Risks associated with C1-esterase inhibitor products include
hypersensitivity/anaphylactic-type reactions, thromboembolic events (TEEs), and
potential virus transmission:
* Hypersensitivity/Anaphylactic-type Reactions: Hypersensitivity and
anaphylactic-type reactions have been reported rarely with the use of
C1-esterase inhibitor products in patients with HAE. Hypersensitivity or
anaphylactic reactions in this study population are expected to be rare because
the subjects have normal, physiologic C1-esterase inhibitor, as opposed to in
the HAE population. Nonetheless, anaphylaxis will be specifically monitored
during this study.
* Thromboembolic Events: Thromboembolic events have been occasionally reported
following the use of C1-esterase inhibitor products, in particular in patients
receiving off-label high doses of up to 500 IU/kg IV in the context of cardiac
surgery and extracorporeal circulation. At the doses to be used in this
clinical study (60 IU/kg IV; 60 IU/kg SC), a causal relationship between TEEs
and the use of C1-esterase inhibitor has not been established. Nonetheless,
TEEs will be specifically monitored during this study.
* Potential Virus Transmission: C1-INH contains human plasma-derived C1
esterase inhibitor and, therefore, has the potential for virus transmission to
recipients. However, Berinert and C1-INH has a high margin of virus safety with
the risk of virus transmission minimized by donor selection and screening
criteria, and by reducing enveloped and non-enveloped viruses using
pasteurization, nanofiltration methods, and chromatography [De Serres et al,
2003]. Each subject will provide a retention sample before and after treatment
with the investigational product for potential future serology assessments.

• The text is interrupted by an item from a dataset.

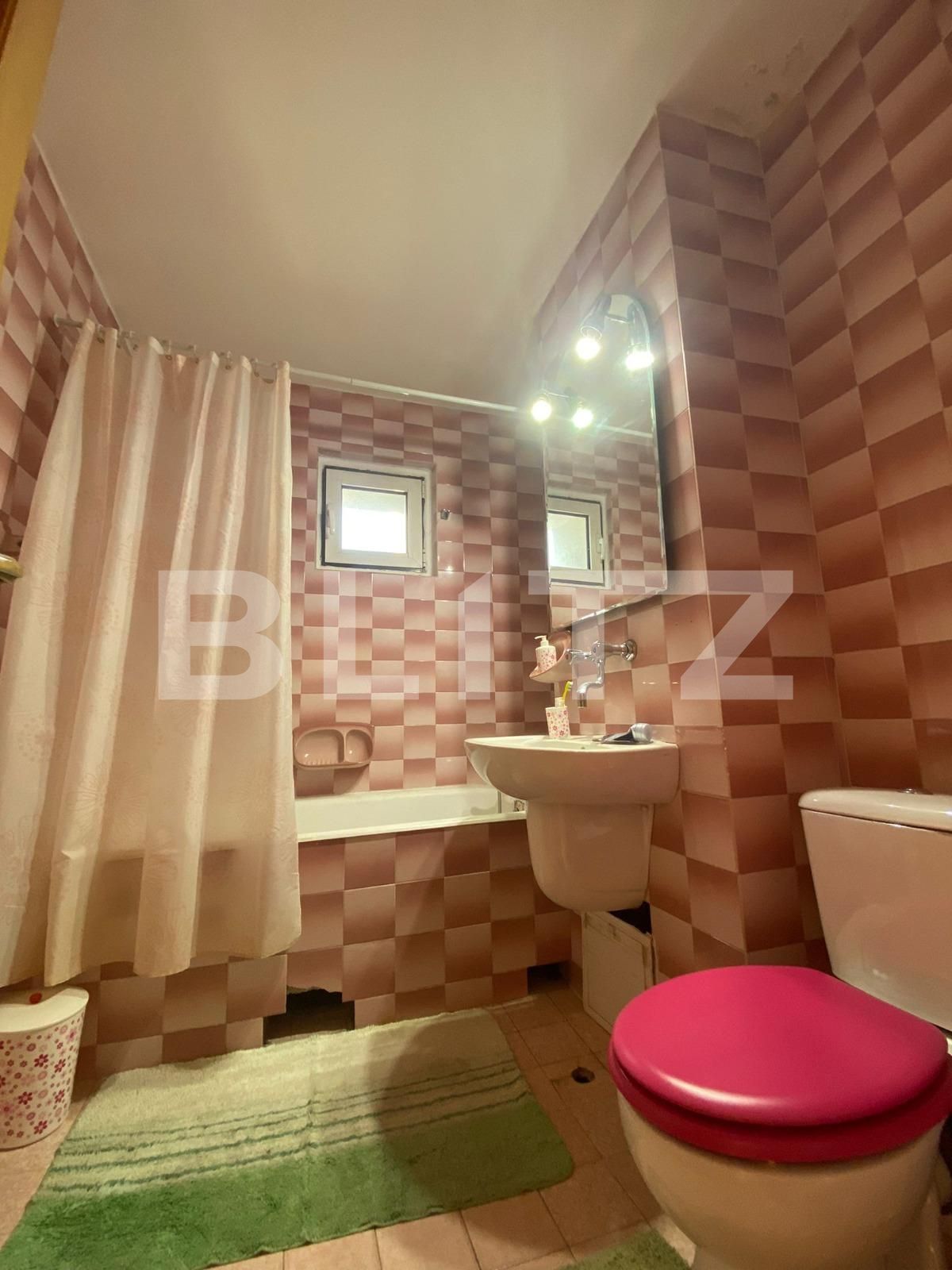 Apartament de închiriat 2 camere Intre Lacuri - 72028AI | BLITZ Cluj-Napoca | Poza8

Additional information on C1-INH can be found in the C1-INH investigator*s
brochure [C1-INH (500 IU/mL) Investigator*s Brochure, 2017].

Without treatment, up to 90% of study subjects with refractory AMR would
otherwise go on to lose their kidney graft and have associated mortality risk
[Viglietti et al, 2016b]. Given the low probability of potential risks and the
implementation of study procedures that will closely monitor the safety of
study subjects, the associated benefit/risk assessment is acceptable for
subjects who participate in the study.